Colors are not wavelengths. Light composed of equal parts "red" (say 650 nm) and "green" light (say 530 nm) is exactly that: light containing both wavelengths 650 nm and 530 nm. There will not be any light of a "yellow" wavelength (around 570 nm). A "spectral yellow" light (composed of just one wavelength of light) is physically different from light composed by mixing two wavelengths. You can use a prism or a diffraction grating to split any light into its component wavelengths and then see the difference. Objects also generally reflect a red+green mixture differently from spectral yellow light: that's why RGB lights are good enough for screens (that people look at directly) but are not good for general purpose lighting. Objects will tend to be more vibrantly colored under a "real" white light (i.e. replicating the "full rainbow" we get from the Sun) than under white light constructed by mixing pure red, green, and blue lights, even if the colors of the lights themselves look identical to the eye. (The property of "showing colors properly" i.e. replicating the spectrum of the Sun is quantified by the Color Rendering Index, which you may find advertised on light bulbs.)
Your eye is not sophisticated enough to split light into its component wavelengths and tell you how the energy is distributed over the whole spectrum.

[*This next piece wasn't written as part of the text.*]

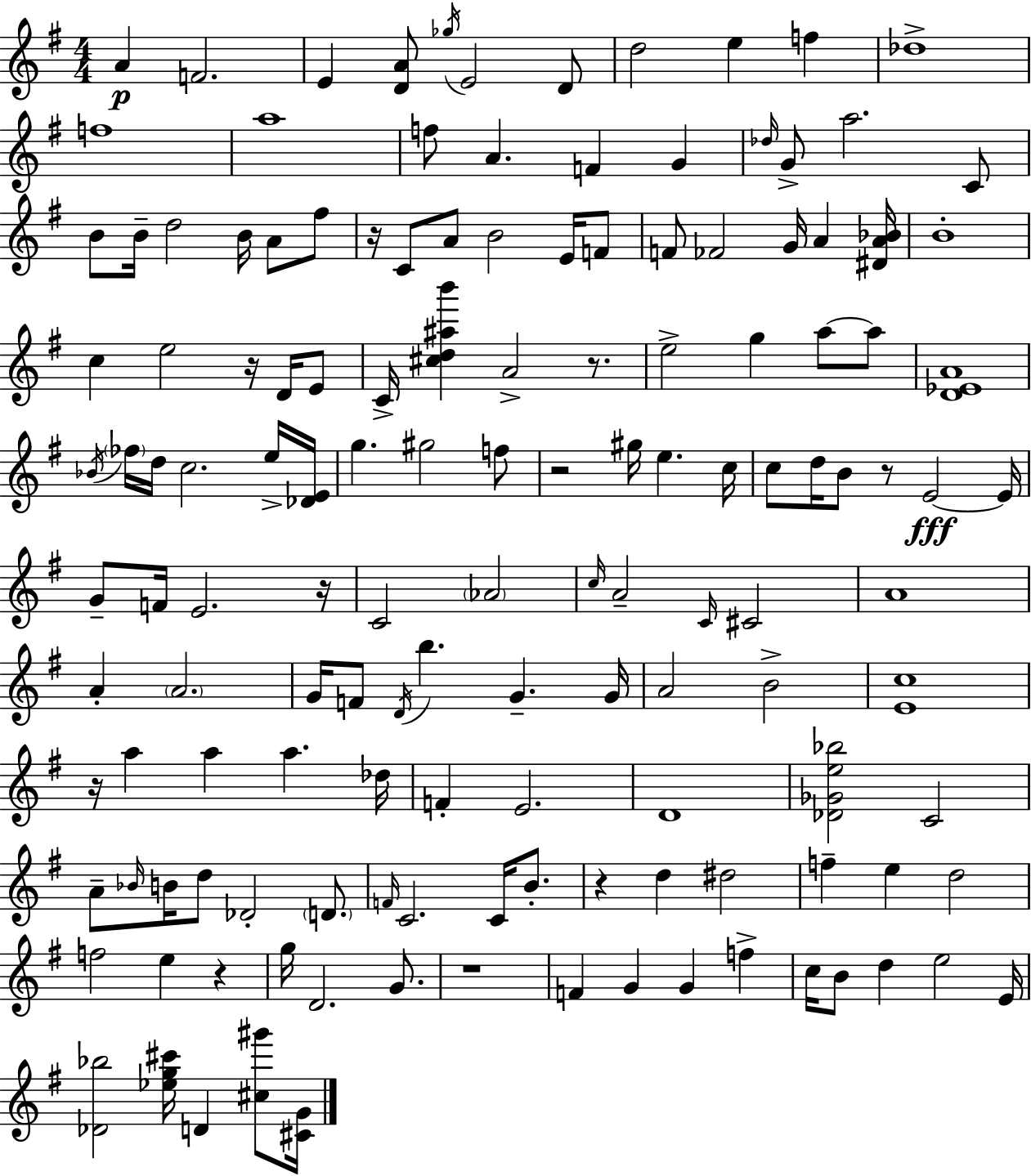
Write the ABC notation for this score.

The color you experience when looking at a certain light beam is only an extremely "summarized" version of the physical content of that light. Your eye can't tell red+green light apart from a spectral yellow, and it also can't tell blue+red light apart from a spectral violet. To properly describe the content of a light beam, you need one number (the intensity) for every possible wavelength (so infinitely many). Your eye only records three quantities: how well the light activates a certain red pigment, a certain green pigment, and a certain blue pigment. It is then logically necessary that lots of physically different light beams can produce the same sensations in an eye.

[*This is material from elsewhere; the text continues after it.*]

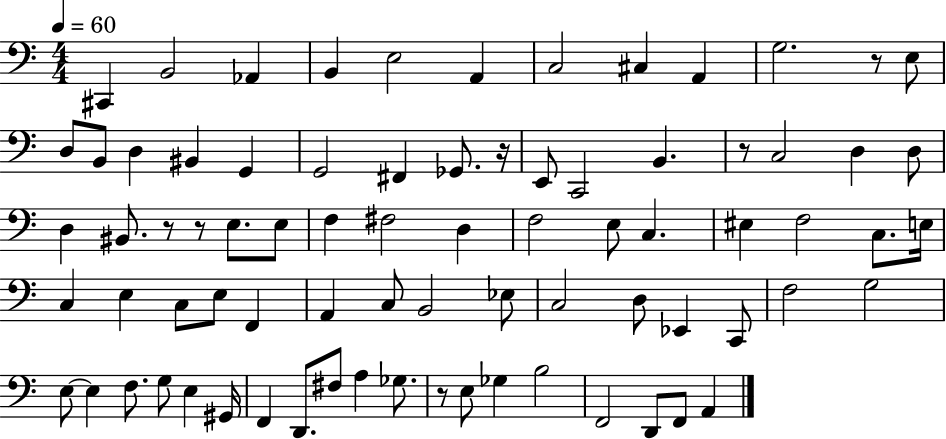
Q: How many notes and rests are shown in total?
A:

In more detail, the mechanism of how a red+blue mixture can look similar to light of a shorter wavelength than either component is that the pigment in your eye responsible for detecting red also has a weak sensitivity to much smaller "violet" wavelengths, overlapping with the blue pigment. Therefore, a spectral violet activates both the blue and red receptors of your eye. An RGB screen can replicate this by simply providing the eye with a mixture of blue and red.

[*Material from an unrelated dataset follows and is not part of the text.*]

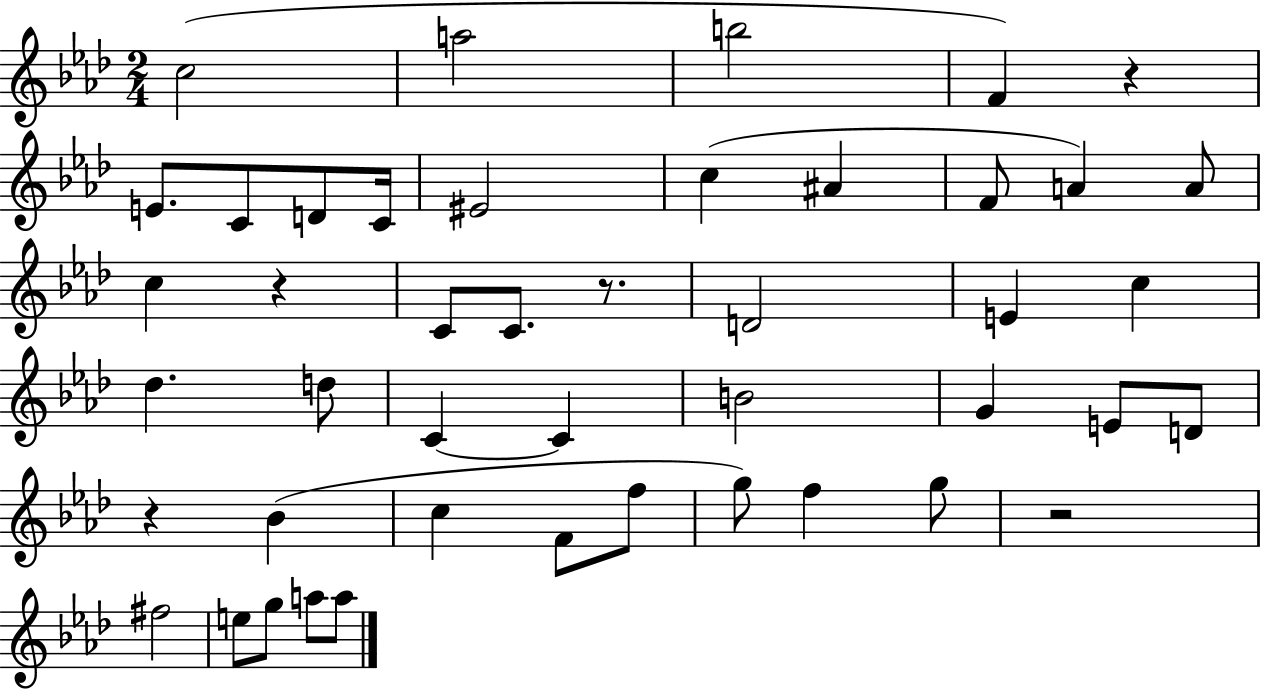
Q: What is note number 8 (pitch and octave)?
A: C4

As a closing note, I'll mention that most colors the eye can see do not correspond to any pure wavelength. Most colors can only be seen when there is a mixture of different wavelengths (examples: white, pink, brown, ...). This is particularly true of violets and purples: there is a small window towards the end of the visible light spectrum where light will look violet, but most of the purples a human can see must be made by mixing red and blue light and don't correspond to any single wavelength.